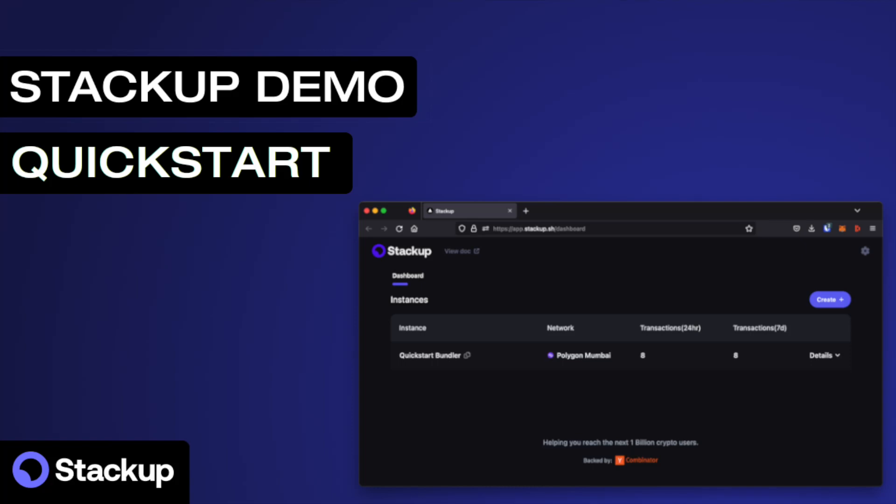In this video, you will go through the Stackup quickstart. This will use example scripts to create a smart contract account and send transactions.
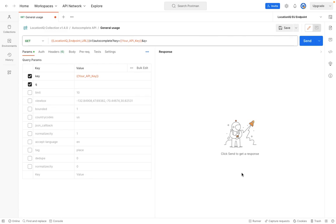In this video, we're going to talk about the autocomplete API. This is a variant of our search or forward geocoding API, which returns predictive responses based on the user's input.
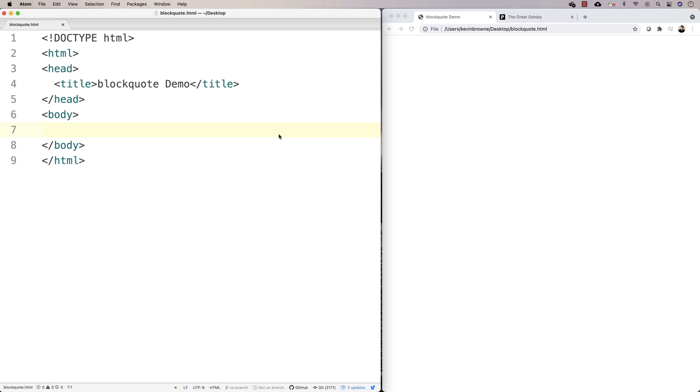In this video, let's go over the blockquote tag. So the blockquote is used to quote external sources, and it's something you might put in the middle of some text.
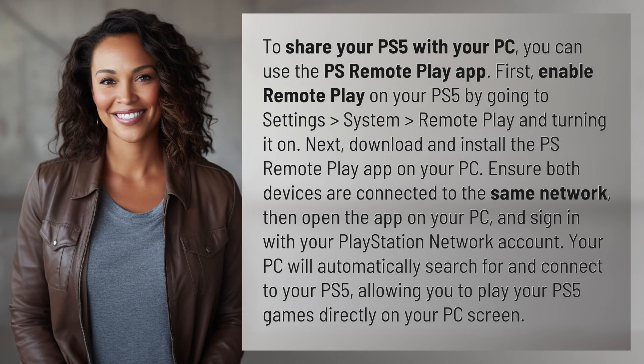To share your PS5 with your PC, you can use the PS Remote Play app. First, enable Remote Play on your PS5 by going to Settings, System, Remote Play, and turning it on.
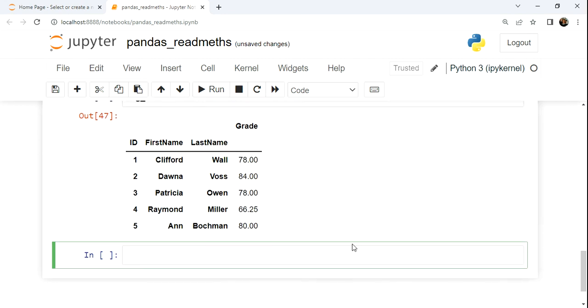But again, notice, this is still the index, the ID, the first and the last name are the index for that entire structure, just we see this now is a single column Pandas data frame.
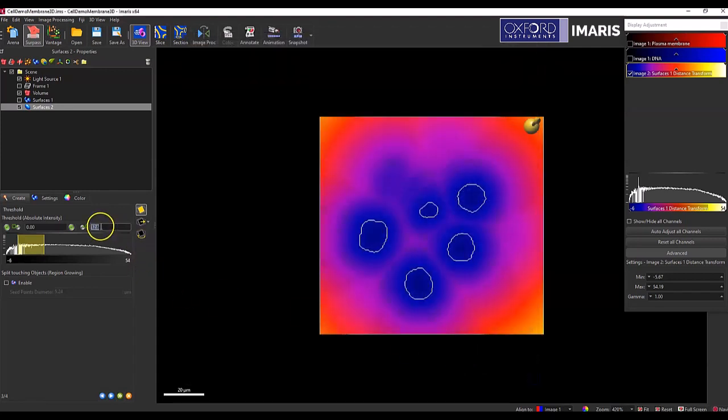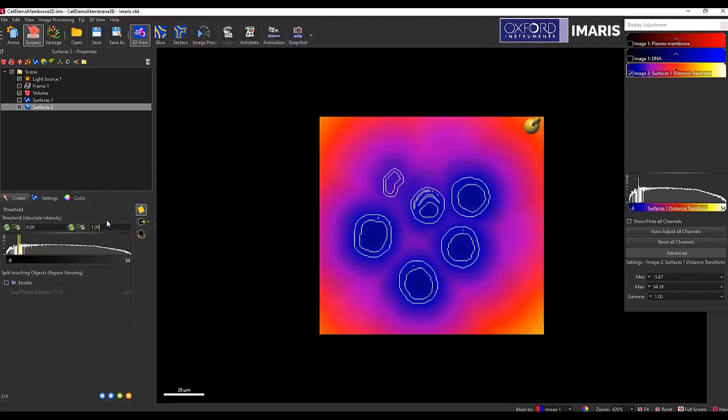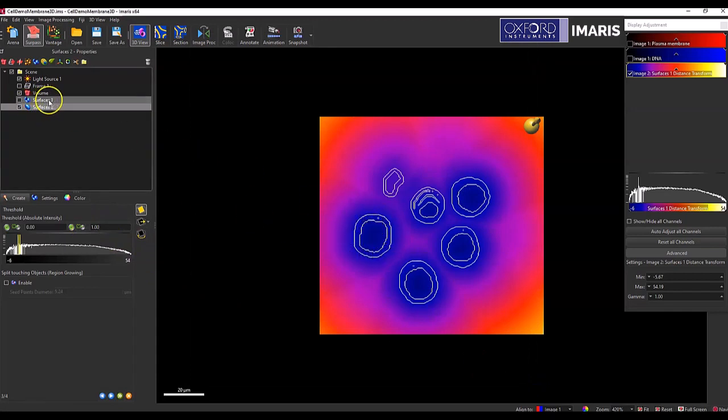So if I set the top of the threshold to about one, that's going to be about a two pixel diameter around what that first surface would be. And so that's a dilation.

────────────────────────────────────────

YOUR GOAL: Word for word, restate all of the material above except its pictures.

FINAL ANSWER:
In this video, you will go through the Stackup quickstart. This will use example scripts to create a smart contract account and send transactions.
In this video, we're going to talk about the autocomplete API. This is a variant of our search or forward geocoding API, which returns predictive responses based on the user's input.
In this video, let's go over the blockquote tag. So the blockquote is used to quote external sources, and it's something you might put in the middle of some text.
To share your PS5 with your PC, you can use the PS Remote Play app. First, enable Remote Play on your PS5 by going to Settings, System, Remote Play, and turning it on.
But again, notice, this is still the index, the ID, the first and the last name are the index for that entire structure, just we see this now is a single column Pandas data frame.
So if I set the top of the threshold to about one, that's going to be about a two pixel diameter around what that first surface would be. And so that's a dilation.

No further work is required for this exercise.